§ **What the exercise asks**
Find the line containing "Casa Las Marías". Retype it and every later line of the records exactly, leaving out pictures.

#####

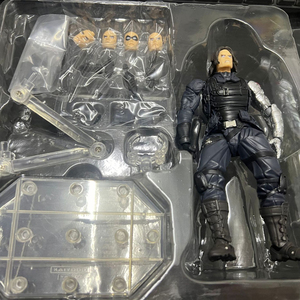 Kaiyodo Bucky Barnes ตุ๊กตาทหารเรโวเทคสำหรับฤดูหนาวของเล่นโมเดลตั้งโต๊ะทำจากพีวีซีที่น่าตื่นตาตื่นใจของขวัญวันเกิด - Product Image 1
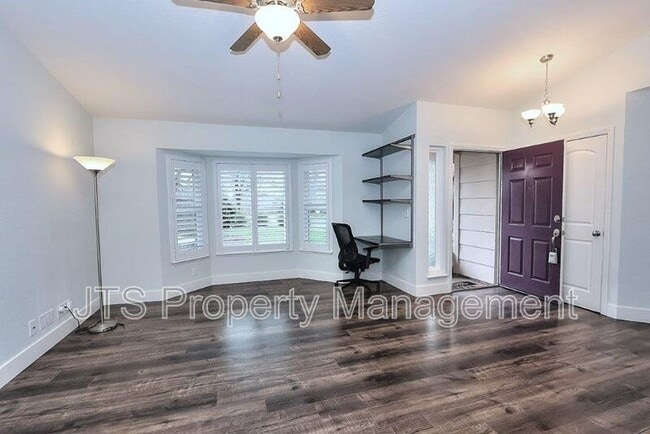 Building Photo - 5248 Phoenix Ridge Pl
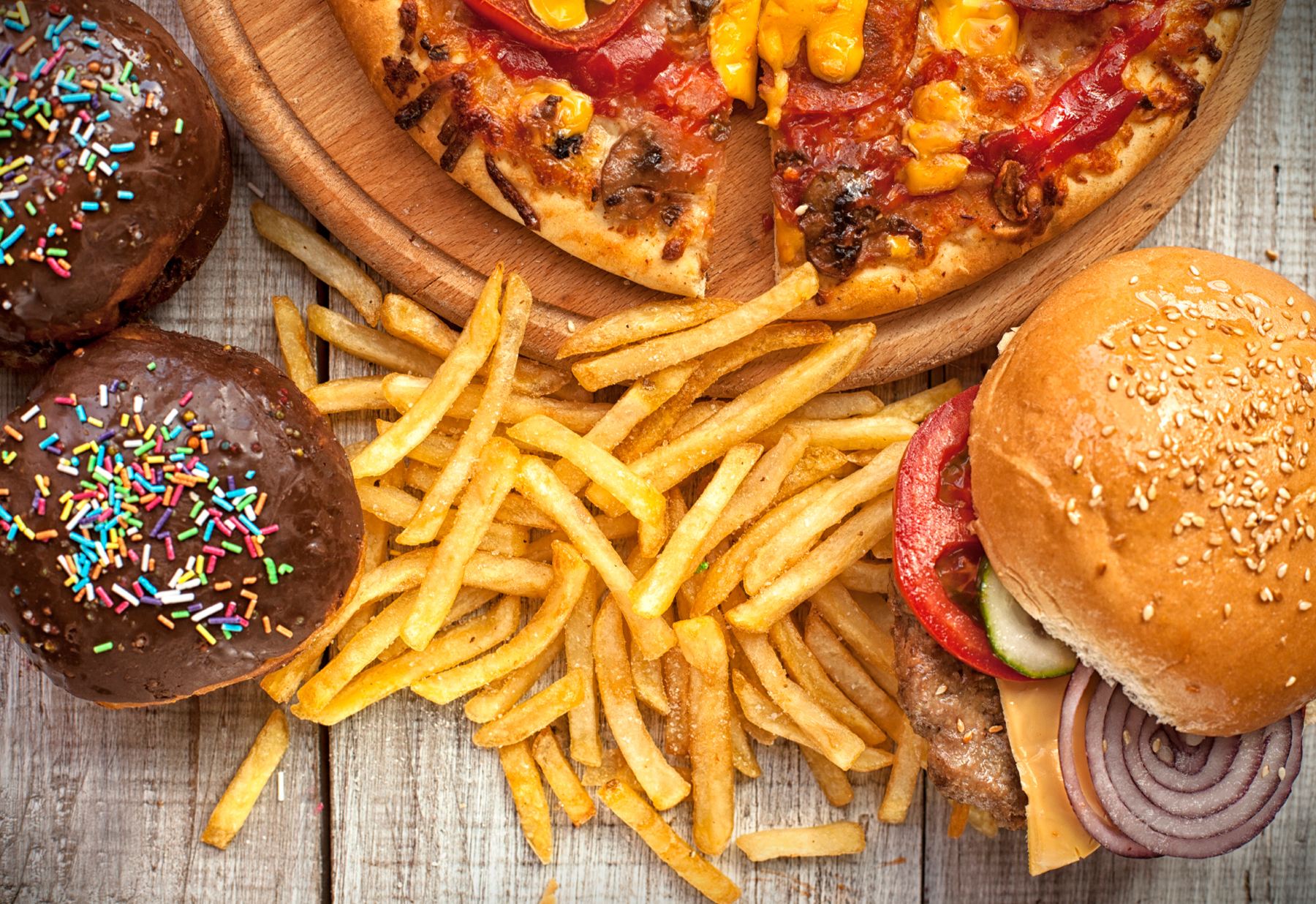英国研究显示：吃汉堡包、薯条等垃圾食品或引发抑郁。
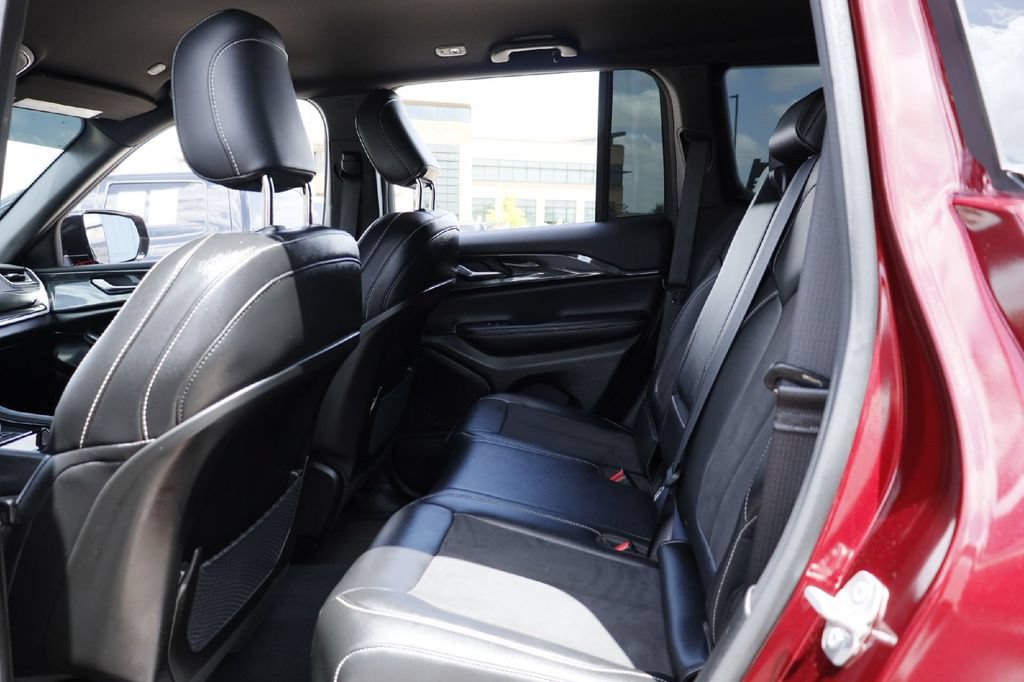 Used 2023 Jeep Grand Cherokee Laredo RWD image 22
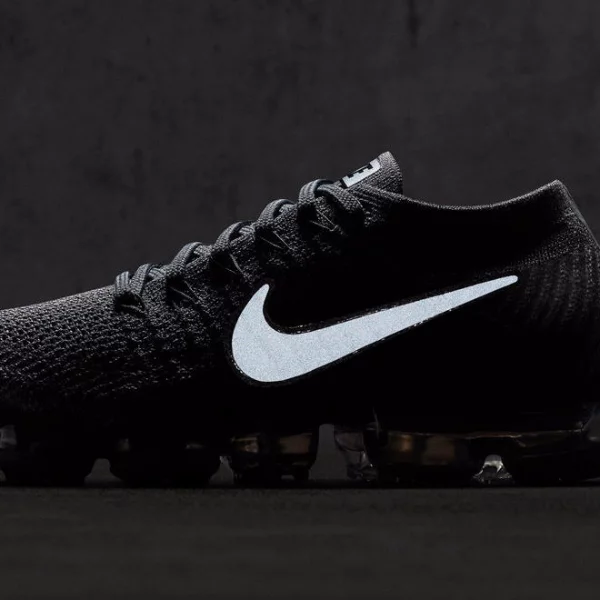 Nike VaporMax “COOL GREY” 接力登場，這回還有 3M 加持！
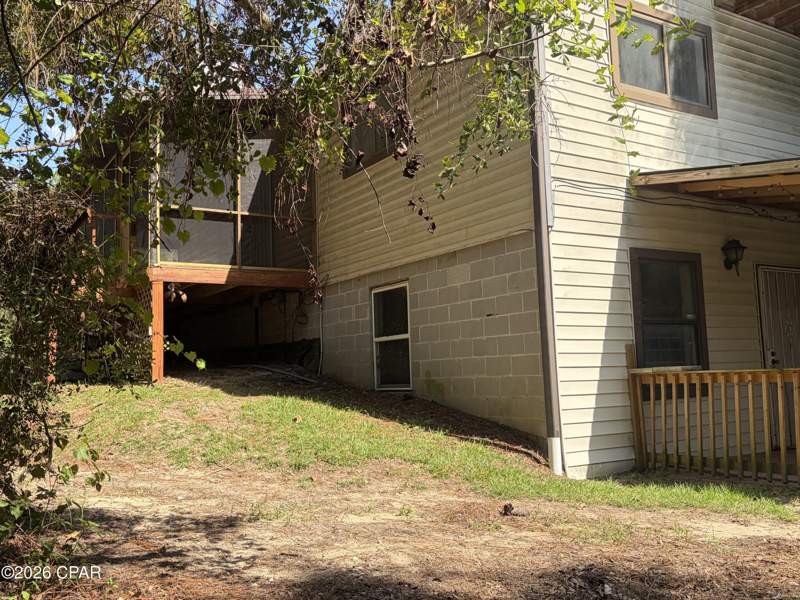 4 bedroom SingleFamilyResidence at 1029 Putnam Avenue, Compass Lake In The Hills, Alford — photo 2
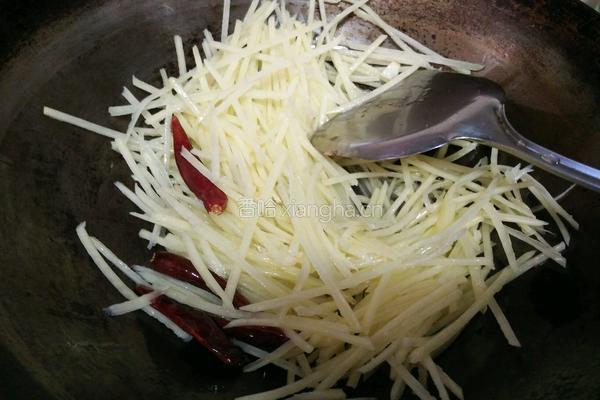 树椒土豆丝的做法图解6
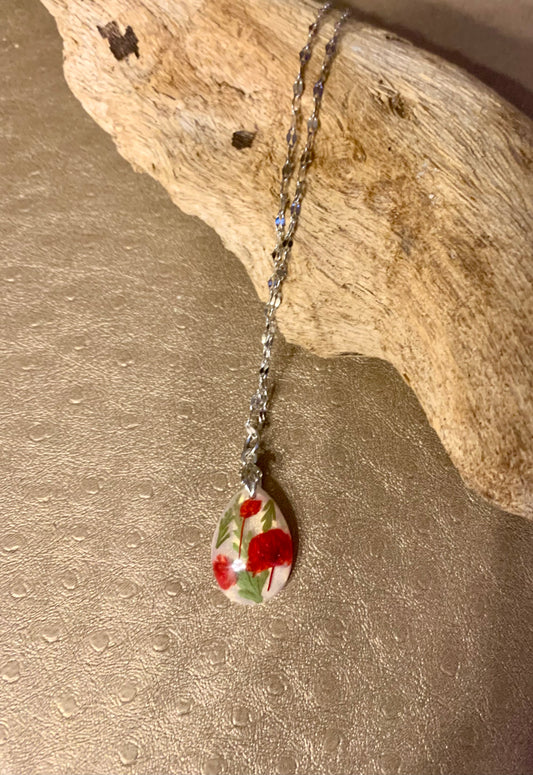 Collier «gysophyle rouge »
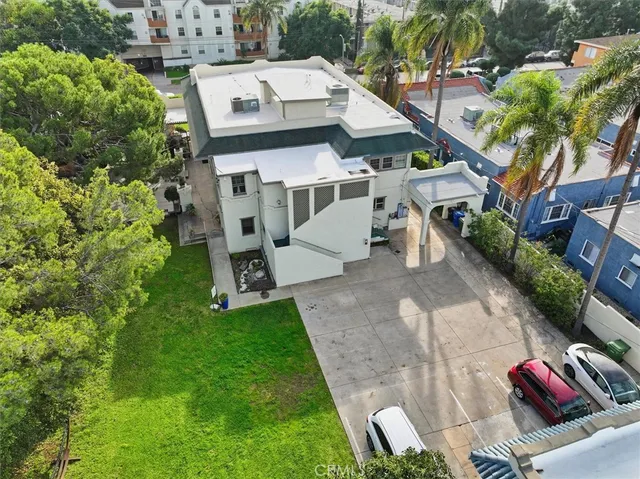 $2,300,000 | 3741 West 27th Street, Los Angeles, CA 90018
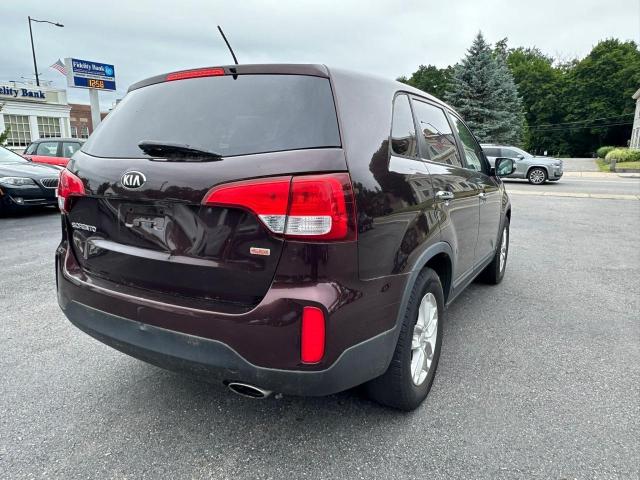 Photo 4 from auction – 2014 KIA SORENTO LX with VIN 5XYKT3A65EG487511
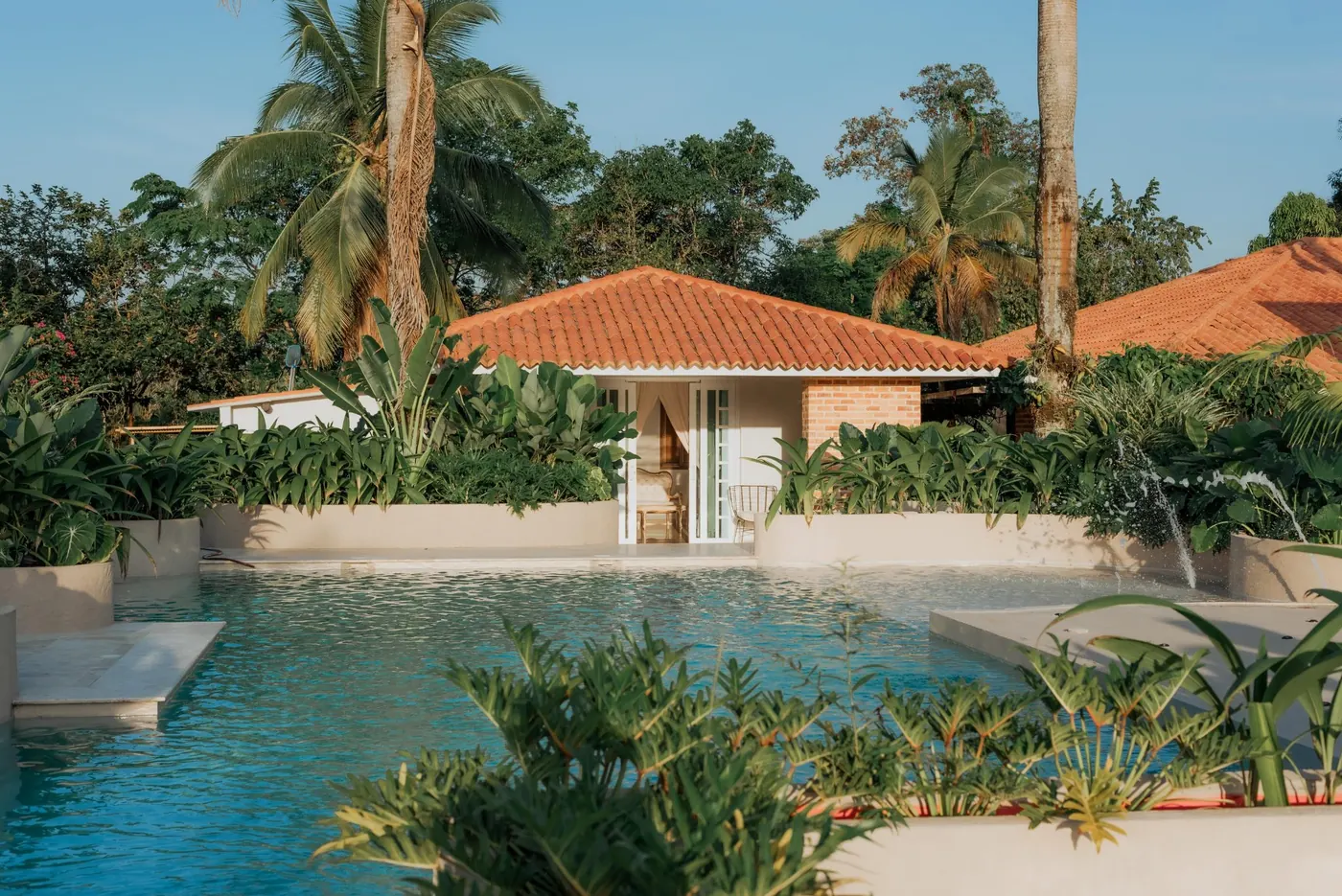 Casa Las Marías — piscina tropical y alojamiento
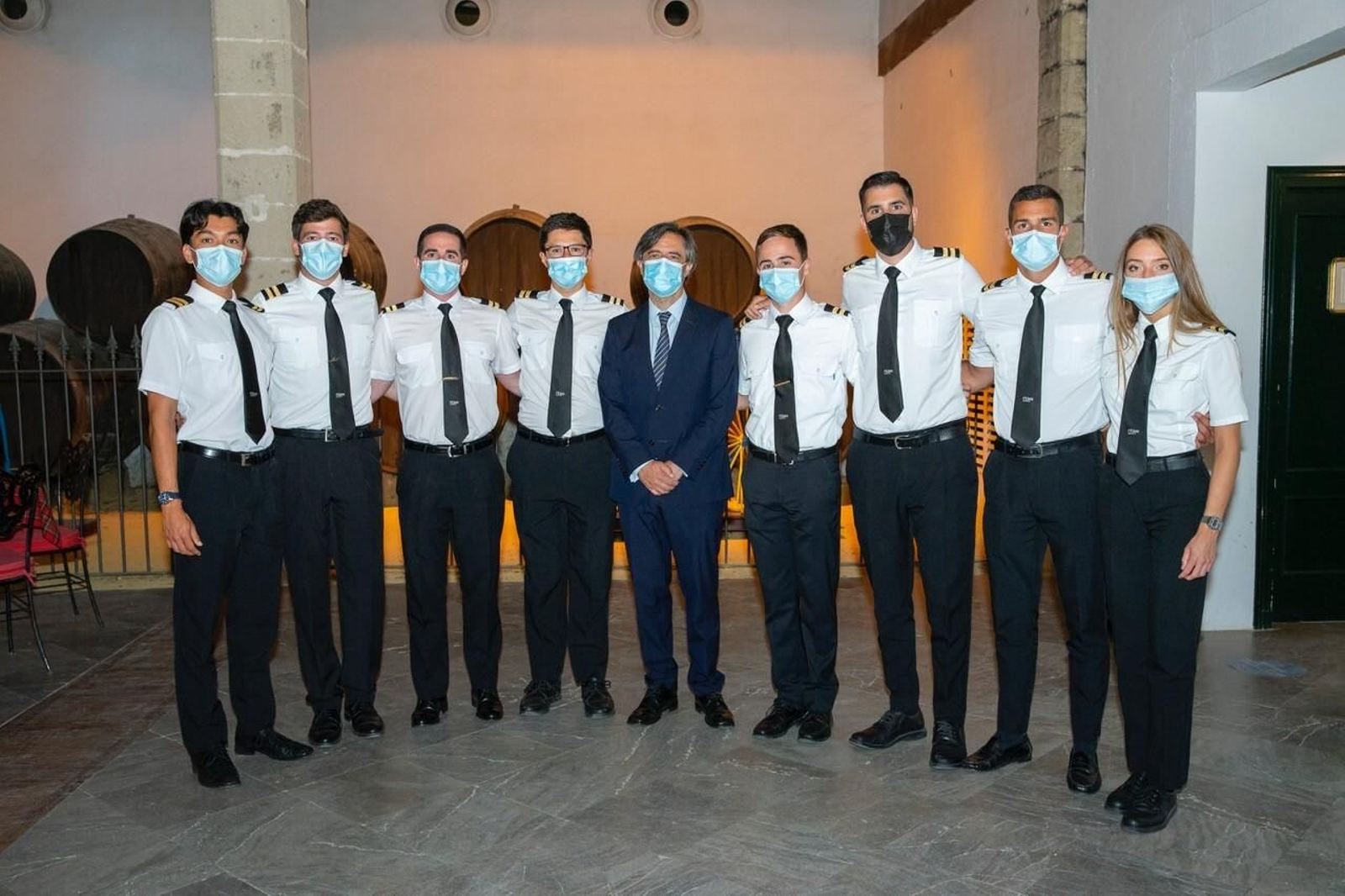 El comandante del Valle junto a los cadetes de Iberia.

#####

§ **Output of the task**
 Casa Las Marías — piscina tropical y alojamiento
 El comandante del Valle junto a los cadetes de Iberia.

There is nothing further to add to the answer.